Life insurers, for example, are generally permitted to request and use genetic test results and other health information for underwriting decisions such as eligibility and premium setting, although some states have enacted laws limiting this practice or requiring informed consent before genetic testing is used.
Disability and long-term care insurers similarly have broader latitude to access and use PHI, including genetic data, to assess risk. Notably, health plans are prohibited from using genetic information for underwriting or coverage decisions, but life, disability, and long-term care insurers are not covered by GINA and thus can access PHI prior to enrollment under certain conditions.
The regulatory gap creates potential genetic discrimination in these insurance markets, as individuals with predictive genetic test results may face higher premiums or denial of coverage. Insurers typically do not require genetic testing but may request existing genetic information disclosed by applicants.
Pre-ACA vs. post-ACA practices
Before the ACA was enacted in 2010, health insurers in the US commonly used pre-existing conditions, including genetic information and family medical history, to determine eligibility, premiums, and coverage limitations. Although some states had laws restricting the use of genetic information, protections were inconsistent and limited, allowing insurers to deny coverage or charge higher rates based on genetic risks.
The Journal of Law and Medical Ethics study ‘Time to End the Use of Genetic Test Results in Life Insurance Underwriting’ notes on the state perspective, “Most state laws on genetics and life insurance merely require insurers to obtain informed consent before performing genetic tests or prohibit the use of genetic information in underwriting unless there is a sound actuarial justification.” HIPAA provided some protections by prohibiting group health insurers from excluding coverage based solely on genetic test results without symptoms.
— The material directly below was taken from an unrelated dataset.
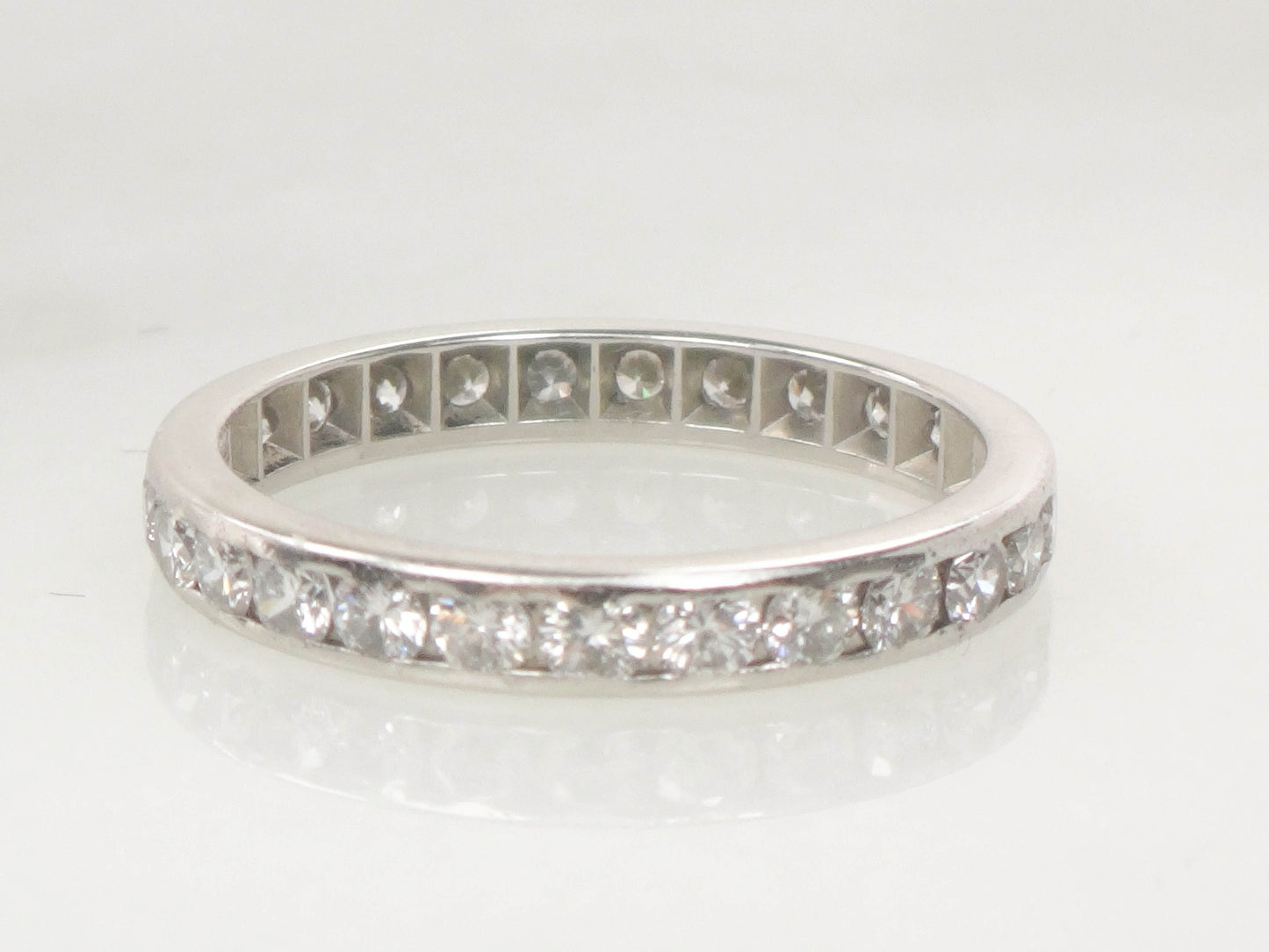 Vintage Thin Platinum Diamond Eternity Ring 1 CT Natural Diamond Wedding Ring Size 5 1/4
The ACA changed these practices by prohibiting health insurers from denying coverage or charging higher premiums due to pre-existing conditions, including those identified through genetic testing. It also banned the use of genetic information in underwriting health insurance, effectively extending and strengthening protections against genetic discrimination. As a result, post-ACA health plans cannot access or use PHI related to genetic information to make enrollment or pricing decisions.
Related: HIPAA Compliant Email: The Definitive Guide (2025 Update)
FAQs
What rights do individuals have to access their health information from health plans?
Individuals have a legal right to access and obtain a copy of their PHI held by health plans, including medical records, billing records, claims data, enrollment records, and other information used to make decisions about their care or coverage.
Can individuals request their PHI in a specific format?
Yes, health plans must provide access to PHI in the form and format requested by the individual if it is readily producible in that format, such as electronic copies.
Are there any types of information that individuals cannot access from their health plans?
Certain information is excluded from the right of access, including psychotherapy notes that are maintained separately, information compiled for legal proceedings, and some quality improvement or business planning records that do not directly affect individual care decisions.